Transcribe exactly, and without pictures, the lines from the one that contains "Table de réunion" through the last line of the material.

-*-

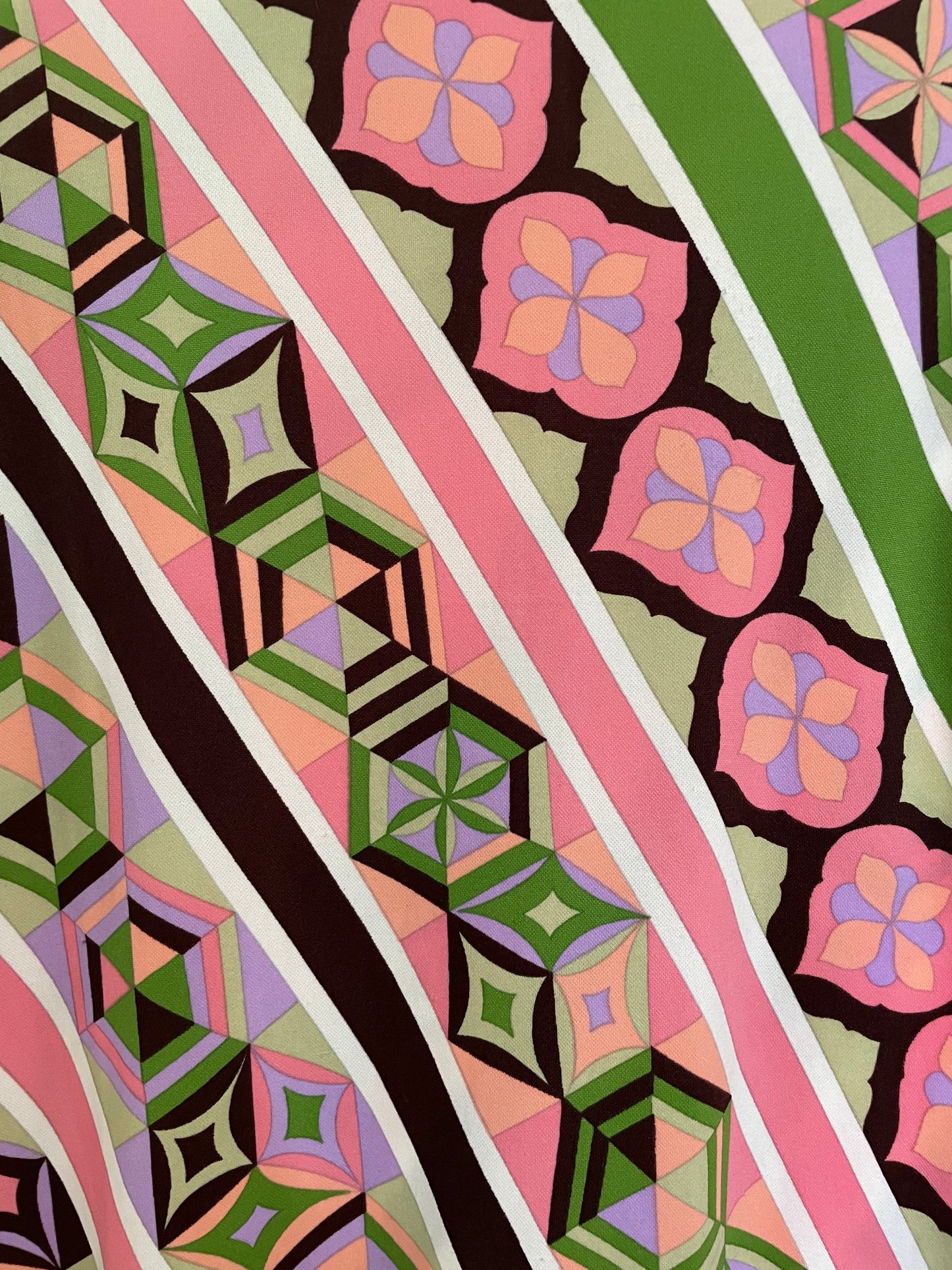 Emilio Pucci 70's graphic print shirt in pink, brown and green
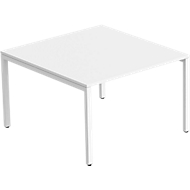 Table de réunion Paperflow COLOR, en forme de rectangle, 4 pieds avec tubes carrés, l. 1200 x P 1260 x H 750 mm, blanc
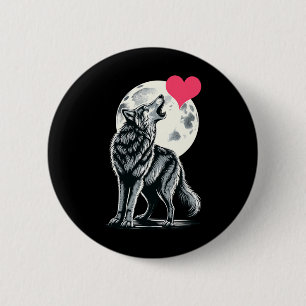 Badge Rond 5 Cm Wolf Holding Heart Valentine's Day Cute Wolves Val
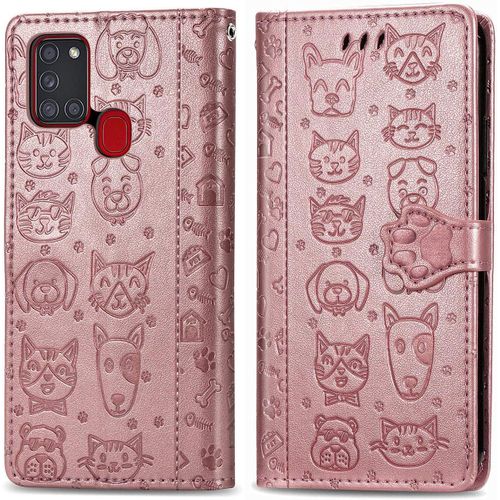 Coque Samsung A21s tui En Cuir Samsung Galaxy A21s Flip Cover Cute Chat Chiot Motif Housse 360 Etui A Rabat Cover Magnetique Fonction Stand Et Fentes De Carte De Crdit Pochette Or Rose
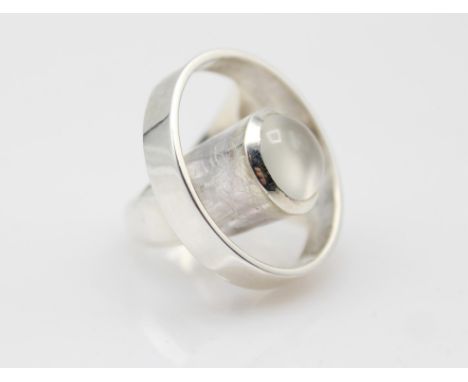 Modern cats eye moonstone dress ring, with openwork halo, ring size J 1/2, hallmarked silver 925 Condition Report:  silver gr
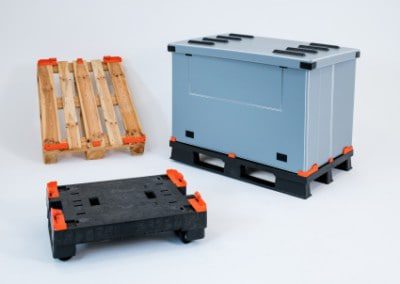 wi-sales ThorLock Holzpalette oder Kunststoffpalette wird nach einfacher Montage zum klappbaren Transportbehälter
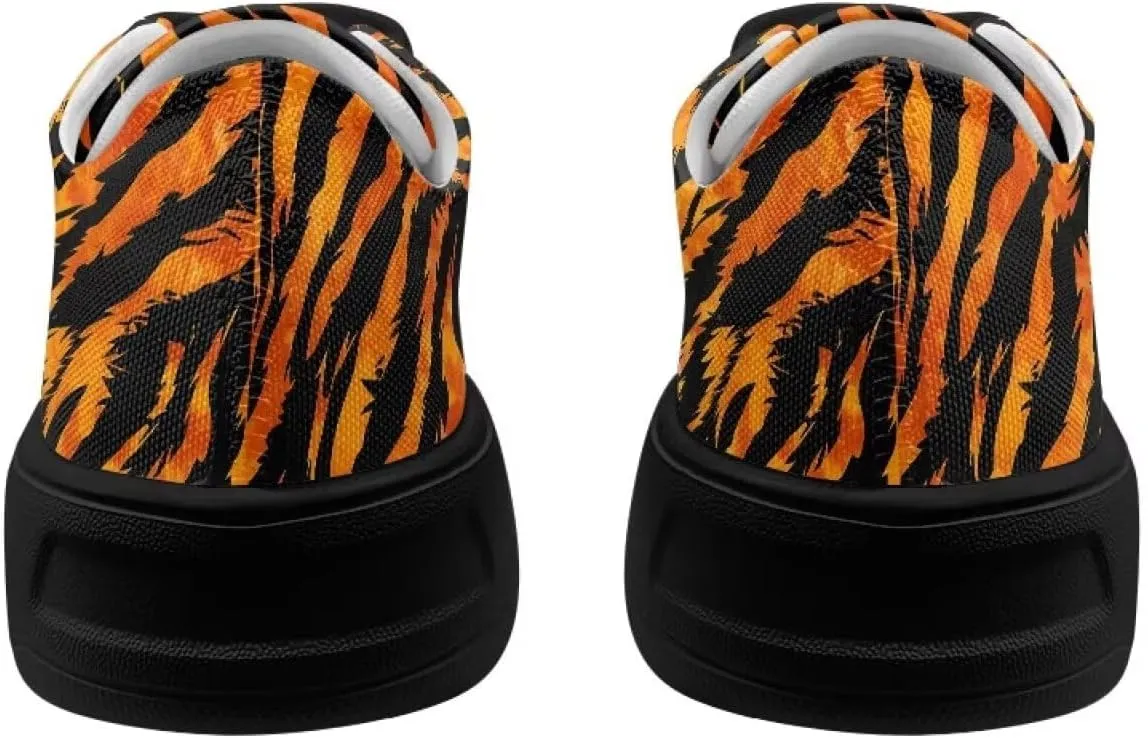 Low-Top Slip Ons Sneakers Canvas Women Black Platform Canvas Shoes Trendy Slip Ons Barefoot Shoes Fit Comfort 5.5-13.5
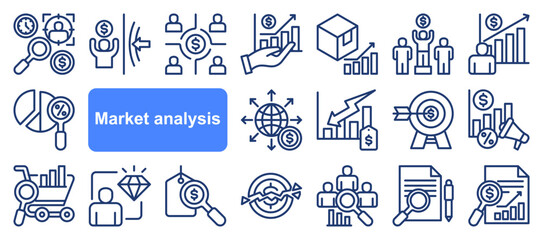 Market research icon collection set. Containing segmentation, trends, penetration, buyer personas, data, sales, analysis icon. Simple  vector.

-*-

◆ Answer box ◆
 Table de réunion Paperflow COLOR, en forme de rectangle, 4 pieds avec tubes carrés, l. 1200 x P 1260 x H 750 mm, blanc
 Badge Rond 5 Cm Wolf Holding Heart Valentine's Day Cute Wolves Val
 Coque Samsung A21s tui En Cuir Samsung Galaxy A21s Flip Cover Cute Chat Chiot Motif Housse 360 Etui A Rabat Cover Magnetique Fonction Stand Et Fentes De Carte De Crdit Pochette Or Rose
 Modern cats eye moonstone dress ring, with openwork halo, ring size J 1/2, hallmarked silver 925 Condition Report:  silver gr
 wi-sales ThorLock Holzpalette oder Kunststoffpalette wird nach einfacher Montage zum klappbaren Transportbehälter
 Low-Top Slip Ons Sneakers Canvas Women Black Platform Canvas Shoes Trendy Slip Ons Barefoot Shoes Fit Comfort 5.5-13.5
 Market research icon collection set. Containing segmentation, trends, penetration, buyer personas, data, sales, analysis icon. Simple  vector.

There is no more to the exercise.